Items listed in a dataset
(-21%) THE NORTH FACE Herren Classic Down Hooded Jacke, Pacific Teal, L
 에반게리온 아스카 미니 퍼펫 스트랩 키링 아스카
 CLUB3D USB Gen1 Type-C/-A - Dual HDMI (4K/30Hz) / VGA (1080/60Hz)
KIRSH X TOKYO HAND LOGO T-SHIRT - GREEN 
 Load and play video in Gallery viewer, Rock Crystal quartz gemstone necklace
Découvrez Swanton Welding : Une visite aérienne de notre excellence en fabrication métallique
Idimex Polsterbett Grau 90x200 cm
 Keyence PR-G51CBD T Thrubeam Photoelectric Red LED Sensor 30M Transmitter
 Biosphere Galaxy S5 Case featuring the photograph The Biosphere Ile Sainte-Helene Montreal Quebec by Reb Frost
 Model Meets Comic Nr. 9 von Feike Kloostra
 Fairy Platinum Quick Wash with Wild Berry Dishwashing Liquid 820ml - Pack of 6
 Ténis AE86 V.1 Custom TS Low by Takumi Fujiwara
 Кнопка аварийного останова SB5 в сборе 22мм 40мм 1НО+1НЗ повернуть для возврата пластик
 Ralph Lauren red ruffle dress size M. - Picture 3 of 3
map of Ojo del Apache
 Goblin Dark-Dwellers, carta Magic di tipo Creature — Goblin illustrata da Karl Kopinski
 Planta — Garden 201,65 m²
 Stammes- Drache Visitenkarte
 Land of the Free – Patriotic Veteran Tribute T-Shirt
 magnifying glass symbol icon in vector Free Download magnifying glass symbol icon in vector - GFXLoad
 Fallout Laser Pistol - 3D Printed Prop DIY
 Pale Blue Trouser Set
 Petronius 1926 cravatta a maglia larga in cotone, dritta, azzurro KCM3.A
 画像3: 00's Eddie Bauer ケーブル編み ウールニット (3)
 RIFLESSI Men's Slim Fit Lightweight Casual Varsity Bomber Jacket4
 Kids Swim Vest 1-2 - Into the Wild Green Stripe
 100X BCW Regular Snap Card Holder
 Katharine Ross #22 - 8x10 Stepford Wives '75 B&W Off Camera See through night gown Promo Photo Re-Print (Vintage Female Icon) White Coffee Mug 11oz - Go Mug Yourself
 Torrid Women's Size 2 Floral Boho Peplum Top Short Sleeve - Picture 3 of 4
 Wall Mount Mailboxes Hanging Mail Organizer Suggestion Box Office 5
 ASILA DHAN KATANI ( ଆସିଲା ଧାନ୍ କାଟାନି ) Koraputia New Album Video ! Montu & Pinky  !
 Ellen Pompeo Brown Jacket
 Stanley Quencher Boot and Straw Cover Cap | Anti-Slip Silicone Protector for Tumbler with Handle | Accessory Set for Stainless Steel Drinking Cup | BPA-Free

PROMPT: If the string "Picture" appears in a line of the data above, that line counts. State how many such lines there are and nothing more.

SOLUTION FOR THIS TASK: 2